ホンダはトヨタ・日産が力を入れているSUVやピックアップにそろそろ手を付けようと、新しいコンセプトモデル「SUT」を発表しているが、これはピックアップトラックではないとホンダ自身は言っている。これにはホンダがプラットホームやエンジンを持っていないために、本格派は作れないという面があるためだが、これまでホンダは逆にそれを武器にしてオデッセイ・CR-Vと大ヒットを飛ばしてきただけに侮れない。本格的なピックアップのように見えて、走りや快適性は乗用車となると魅力も出る。ベースはMDX?のようだが、エンジンはV6-3.5Lとなっている。その他には、アコードハイブリッドの発売の発表もあったようだ。それからマツダデミオベースの「MXマイクロスポーツ」を出品した。これも市販できそうなほど完成度が高い。エンジンは2.0LのLF-DE型を搭載しているようだが、このクルマはデミオアクセラの中間を埋めるために今年中に日本でも発売が予定されているようだ。ショーモデルとしてはサイズが3ナンバーになっているが、日本ではワイドなフェンダーが取り外され5ナンバー枠に留まるはず。1.5〜2.0Lエンジンを搭載するだろう。スバルは新型レガシィを出品。そのエンジンは新開発2.5Lターボというのが注目である。アメリカでは大きな排気量の方がウケがいいため、2.5Lにしたのだろう。パワーも控えめな250馬力。日本ではパワーと経済性を考えれば2.0Lで十分。当分レガシィに搭載はないだろうが、フォレスターならば搭載する可能性があるようだ。フォレスターであれば、2.0Lのハイプレッシャーより、大きな排気量のロープレッシャーというエンジンとは性格が合いそう。

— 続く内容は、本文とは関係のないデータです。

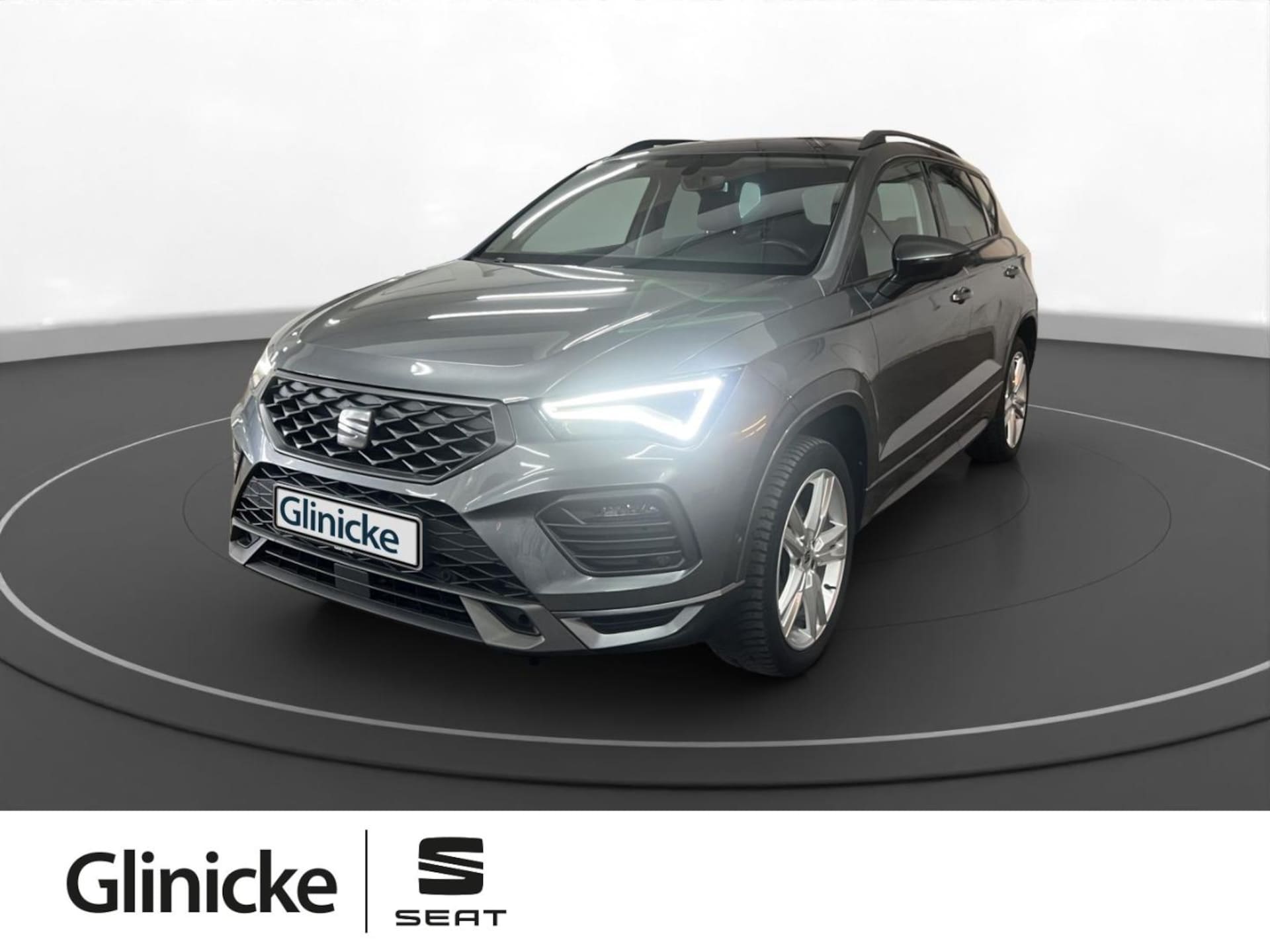 SEAT Ateca FR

今年もいろいろなクルマが日本でも出てきそうだが、もっとワクワクするクルマが欲しい。トヨタが「サイオンtC」を13ヶ月で開発したとか、最大6ヶ月で新型車を出せるようにするとか、そんな話を聞くと、ピジネスマンはすごいなぁと思っても、クルマ好きとしてはため息が出る(あぁ・・・またつまらないクルマが出てくるのか)ばかり。去年からショールームに行って、じっくり見たい!乗ってみたい!と思うクルマが少なくなった。いちいち見なくてもわかるようなクルマばかり。市場の変化に合わせて色々なクルマを出すのはいいと思う。心変わりの激しい人にはその程度のクルマで十分だろう。でも、その真ん中には「核」となる渾身の1台がないと、どうにもならない。どこのメーカーも少なくとも○○ベースで作りましたと言う「○○」くらいは、本当に熱心に作って欲しいと思う。もう正直スポーティだとか、ヨーロッパとか、都合のいい言葉も個人的には飽き飽きしている。別に特別な物が無くてもいい。何かの真似もいらない。地味でも真面目に作っているなぁとか、本当に開発者の熱意とか情熱が感じられるクルマを私は見たい。それから、外国ばっかり向いてないで、もっと日本のサイズや好みにあわせたモデルを出して欲しい。わがままな意見だろう。自分の欲求しか書いていない。でも、今年はこういうサイトの管理者としてはマズイかもしれないが、改めて一人の「クルマ好き」という原点に戻った視点で見ていきたいなと思う。